Его поразила гражданская смелость писателя, не побоявшегося разоблачить «Священную дружину», не беспокоясь о личной судьбе своего редакторского дела. Как метко снова разило перо сатирика своих политических врагов! С каким ядовитым сарказмом преследовал он душителей свободной мысли! Дмитрий Наркисович проникся еще большим уважением к бесстрашному редактору «Отечественных записок», такому последовательному в защите своих убеждений, так смело выступающему против врагов.
Разве это не пример истинной гражданской доблести всем русским литераторам?
Печатание очерков «От Урала до Москвы» в газете «Русские ведомости» завершилось в середине февраля 1882 года.
К этому времени решилась судьба рассказа «Старатели», принятого в «Русской мысли». Скабичевский сообщил, что очерк «На рубеже Азии» набирается для мартовской книжки журнала «Устои», редакция журнала «Дело» известила, что ею приняты два рассказа «Все мы хлеб едим…» и «В камнях».
Именно в эти журналы резко выраженного демократического направления, где появлялись произведения самых уважаемых писателей, живущих интересами народной жизни, и где в условиях строжайшей цензуры прорывалась русская передовая мысль, стремился Мамин.
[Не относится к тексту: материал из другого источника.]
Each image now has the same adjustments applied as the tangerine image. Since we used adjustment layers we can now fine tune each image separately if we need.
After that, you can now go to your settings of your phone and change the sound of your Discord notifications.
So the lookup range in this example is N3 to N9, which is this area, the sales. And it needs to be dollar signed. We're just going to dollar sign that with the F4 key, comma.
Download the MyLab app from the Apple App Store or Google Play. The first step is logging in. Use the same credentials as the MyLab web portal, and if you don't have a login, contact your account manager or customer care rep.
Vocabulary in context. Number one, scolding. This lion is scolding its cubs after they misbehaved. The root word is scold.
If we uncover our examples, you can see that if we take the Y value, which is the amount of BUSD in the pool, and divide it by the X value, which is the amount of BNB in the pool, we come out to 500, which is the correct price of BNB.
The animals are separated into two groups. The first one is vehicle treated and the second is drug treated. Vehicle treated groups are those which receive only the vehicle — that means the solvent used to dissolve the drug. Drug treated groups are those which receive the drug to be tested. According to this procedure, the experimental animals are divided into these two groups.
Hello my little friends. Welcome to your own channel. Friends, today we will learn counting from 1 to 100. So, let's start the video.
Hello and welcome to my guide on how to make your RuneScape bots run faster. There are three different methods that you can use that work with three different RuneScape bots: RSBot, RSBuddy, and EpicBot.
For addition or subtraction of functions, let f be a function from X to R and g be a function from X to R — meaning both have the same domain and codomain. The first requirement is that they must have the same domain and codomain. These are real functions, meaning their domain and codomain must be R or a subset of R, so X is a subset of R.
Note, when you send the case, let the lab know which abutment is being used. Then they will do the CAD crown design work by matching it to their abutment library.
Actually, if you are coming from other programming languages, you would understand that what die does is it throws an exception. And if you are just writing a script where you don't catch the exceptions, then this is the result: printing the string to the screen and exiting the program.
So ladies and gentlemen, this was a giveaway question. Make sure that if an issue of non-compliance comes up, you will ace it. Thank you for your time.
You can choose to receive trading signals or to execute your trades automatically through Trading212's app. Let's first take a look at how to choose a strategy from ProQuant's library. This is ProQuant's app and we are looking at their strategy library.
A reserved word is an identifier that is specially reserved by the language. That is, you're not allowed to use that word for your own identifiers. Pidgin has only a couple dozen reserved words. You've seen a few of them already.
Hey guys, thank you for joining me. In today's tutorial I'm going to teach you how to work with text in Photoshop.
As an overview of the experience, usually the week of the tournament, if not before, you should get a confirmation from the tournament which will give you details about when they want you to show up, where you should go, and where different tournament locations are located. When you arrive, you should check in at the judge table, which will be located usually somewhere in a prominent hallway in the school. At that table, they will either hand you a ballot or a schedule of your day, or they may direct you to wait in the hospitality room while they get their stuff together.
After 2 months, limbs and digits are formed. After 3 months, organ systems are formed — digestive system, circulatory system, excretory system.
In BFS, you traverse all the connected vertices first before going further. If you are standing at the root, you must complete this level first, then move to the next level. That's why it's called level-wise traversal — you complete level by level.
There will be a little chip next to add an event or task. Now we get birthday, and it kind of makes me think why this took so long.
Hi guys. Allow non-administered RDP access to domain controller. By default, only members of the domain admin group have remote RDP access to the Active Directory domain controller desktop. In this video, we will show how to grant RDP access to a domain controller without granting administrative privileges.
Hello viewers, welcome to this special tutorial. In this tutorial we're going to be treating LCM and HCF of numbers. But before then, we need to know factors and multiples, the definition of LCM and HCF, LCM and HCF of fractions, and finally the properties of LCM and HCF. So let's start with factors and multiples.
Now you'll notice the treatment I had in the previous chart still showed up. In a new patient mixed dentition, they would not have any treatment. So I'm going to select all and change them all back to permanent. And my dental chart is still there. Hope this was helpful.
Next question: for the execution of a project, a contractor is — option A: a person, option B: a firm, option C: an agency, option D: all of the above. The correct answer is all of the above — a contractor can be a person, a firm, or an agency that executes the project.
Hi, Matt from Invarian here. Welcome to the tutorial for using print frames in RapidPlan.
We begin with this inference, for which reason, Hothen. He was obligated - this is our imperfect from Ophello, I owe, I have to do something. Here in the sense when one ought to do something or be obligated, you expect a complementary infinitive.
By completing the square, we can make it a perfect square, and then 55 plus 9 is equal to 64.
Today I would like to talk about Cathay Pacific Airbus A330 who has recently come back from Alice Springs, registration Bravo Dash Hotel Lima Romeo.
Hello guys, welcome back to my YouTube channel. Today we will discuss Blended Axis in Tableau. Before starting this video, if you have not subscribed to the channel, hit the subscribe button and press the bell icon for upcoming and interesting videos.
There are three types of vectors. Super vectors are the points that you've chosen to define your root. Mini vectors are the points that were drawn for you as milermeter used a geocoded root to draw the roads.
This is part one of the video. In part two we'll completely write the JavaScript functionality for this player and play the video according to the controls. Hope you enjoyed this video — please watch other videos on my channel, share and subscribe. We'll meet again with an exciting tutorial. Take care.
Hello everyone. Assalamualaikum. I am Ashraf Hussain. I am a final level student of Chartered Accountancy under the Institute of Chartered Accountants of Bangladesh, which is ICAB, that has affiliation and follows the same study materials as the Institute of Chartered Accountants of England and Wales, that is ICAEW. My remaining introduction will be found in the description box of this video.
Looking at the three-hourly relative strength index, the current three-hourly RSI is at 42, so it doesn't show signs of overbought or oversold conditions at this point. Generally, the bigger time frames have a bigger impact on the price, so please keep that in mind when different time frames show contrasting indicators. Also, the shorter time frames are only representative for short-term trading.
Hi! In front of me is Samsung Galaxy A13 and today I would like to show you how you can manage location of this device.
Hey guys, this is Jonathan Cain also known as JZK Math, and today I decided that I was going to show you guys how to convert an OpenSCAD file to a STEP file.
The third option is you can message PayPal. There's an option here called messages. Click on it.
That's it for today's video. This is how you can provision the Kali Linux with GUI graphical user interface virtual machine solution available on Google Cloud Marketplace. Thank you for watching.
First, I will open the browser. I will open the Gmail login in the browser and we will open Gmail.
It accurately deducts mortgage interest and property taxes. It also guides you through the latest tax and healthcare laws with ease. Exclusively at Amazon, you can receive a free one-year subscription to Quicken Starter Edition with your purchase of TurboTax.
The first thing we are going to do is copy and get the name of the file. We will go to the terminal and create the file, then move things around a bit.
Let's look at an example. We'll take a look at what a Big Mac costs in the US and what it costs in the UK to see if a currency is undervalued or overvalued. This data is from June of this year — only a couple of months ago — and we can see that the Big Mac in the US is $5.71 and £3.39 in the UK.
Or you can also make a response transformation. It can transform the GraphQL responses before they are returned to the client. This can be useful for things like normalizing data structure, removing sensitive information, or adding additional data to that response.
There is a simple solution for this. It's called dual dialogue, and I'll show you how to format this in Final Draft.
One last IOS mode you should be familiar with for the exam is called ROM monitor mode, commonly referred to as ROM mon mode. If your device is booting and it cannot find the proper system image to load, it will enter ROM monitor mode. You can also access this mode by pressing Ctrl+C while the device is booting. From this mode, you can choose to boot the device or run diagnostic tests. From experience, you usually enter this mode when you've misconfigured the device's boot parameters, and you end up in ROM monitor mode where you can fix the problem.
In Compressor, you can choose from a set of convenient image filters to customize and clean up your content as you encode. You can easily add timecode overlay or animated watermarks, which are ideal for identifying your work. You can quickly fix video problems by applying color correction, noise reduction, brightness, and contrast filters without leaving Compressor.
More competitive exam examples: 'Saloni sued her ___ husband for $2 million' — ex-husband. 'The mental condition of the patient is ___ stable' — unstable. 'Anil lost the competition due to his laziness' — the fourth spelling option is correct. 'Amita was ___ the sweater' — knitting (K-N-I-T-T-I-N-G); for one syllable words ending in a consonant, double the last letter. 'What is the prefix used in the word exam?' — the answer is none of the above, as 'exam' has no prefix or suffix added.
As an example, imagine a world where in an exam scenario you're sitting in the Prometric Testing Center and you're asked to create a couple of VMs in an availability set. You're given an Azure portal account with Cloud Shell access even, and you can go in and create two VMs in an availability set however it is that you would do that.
Гонимые официальной властью, подвергающиеся постоянным цензурным опалам, они были наиболее почитаемые среди передовой интеллигенции. Яркие огни в сумерках повседневной жизни. Связывал свою литературную судьбу Мамин и еще с двумя журналами, для которых готовил рассказы, — с «Вестником Европы» и особенно с «Отечественными записками».
«Милая мама, — писал сын Анне Семеновне в феврале 1882 года, — ты можешь себе представить мою радость. Десять лет самого настойчивого и упорного труда начинают освещаться первыми лучами успеха, который дорог именно в настоящую минуту по многим причинам. Целый вечер я провел, как в лихорадке, и едва в состоянии был заснуть. Мы долго и много говорили с Марьей Якимовной и жалели только об одном, что нет бедного папы, который порадовался бы нашей общей радостью…
Хорошо помню, как я приехал в Москву с одними надеждами в карманах и с благочестивым желанием честно трудиться, всего прошло каких-нибудь полгода, и декорации переменились, и даже редакция «Дела» выражает скромную надежду иметь меня своим сотрудником и далее. Да, глупая штука счастье: то не имеешь лишнего двугривенного на обед, то валятся сотни рублей».